The third paragraph in the subsection titled “Vote Required to Adopt Proposals” on page 1 of the Proxy Statement in the section titled “SOLICITATION AND VOTING” is hereby revised in its entirety to read as follows:
“Proposal No. 2. Approval of Proposal No. 2 requires the affirmative vote of a majority of the shares cast on the proposal at the Special Meeting. Abstentions will have no effect on the outcome of the proposal. There should be no broker “non-votes” on the proposal because brokers should have discretion to vote on this proposal if beneficial owners do not provide voting instructions for this proposal, as described in more detail below. If there are any broker non-votes, they will have no effect on the outcome of the proposal.”
The first paragraph in the subsection titled “Effect of Abstentions and Broker Non-Votes” on page 1 of the Proxy Statement in the section titled “SOLICITATION AND VOTING” is hereby revised in its entirety to read as follows:
“An abstention represents a stockholder’s affirmative choice to decline to vote on a proposal.
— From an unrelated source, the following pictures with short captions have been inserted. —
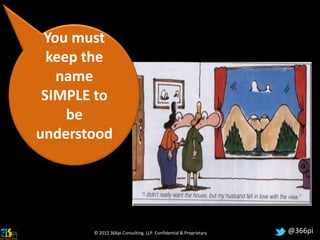 You must
  keep the
   name
 SIMPLE to
     be
understood




       © 2012 366pi Consulting, LLP. Confidential & Proprietary   @366pi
If a stockholder indicates on its proxy card that it wishes to abstain from voting its shares, or if a broker, bank or other nominee causes abstentions to be recorded for shares, these shares will be considered present and entitled to vote at the Special Meeting for purposes of determining the presence or absence of a quorum, and will count as votes “AGAINST” Proposal No. 1, regardless of whether such shares are present in person or represented by proxy at the Special Meeting. Abstentions will have no effect on the outcome of Proposal No. 2.”
The subsection titled “Vote Required and Board of Directors Recommendation” on page 7 of the Proxy Statement in the section titled “PROPOSAL NO. 2 APPROVAL OF ADJOURNMENT OF THE SPECIAL MEETING” is hereby revised in its entirety to read as follows:
“For this Proposal No. 2 to be approved by the stockholders at the Special Meeting, the number of votes cast for approval of this Proposal No. 2 must exceed the aggregate number of votes cast against approval.
THE BOARD OF DIRECTORS UNANIMOUSLY RECOMMENDS THAT YOU
VOTE “FOR” PROPOSAL NO. 2 AS DESCRIBED IN THIS PROXY STATEMENT.”
Except to the extent described in this Supplement, none of the items or information contained in the Proxy Statement are affected by this Supplement. This Supplement does not provide all of the information that is important to your voting decisions at the Special Meeting. The Proxy Statement contains other important additional information. We encourage you to carefully read this Supplement together with the Proxy Statement in their entirety. If you have already returned your proxy or voting instruction card or provided voting instructions, you do not need to take any action unless you wish to change your vote.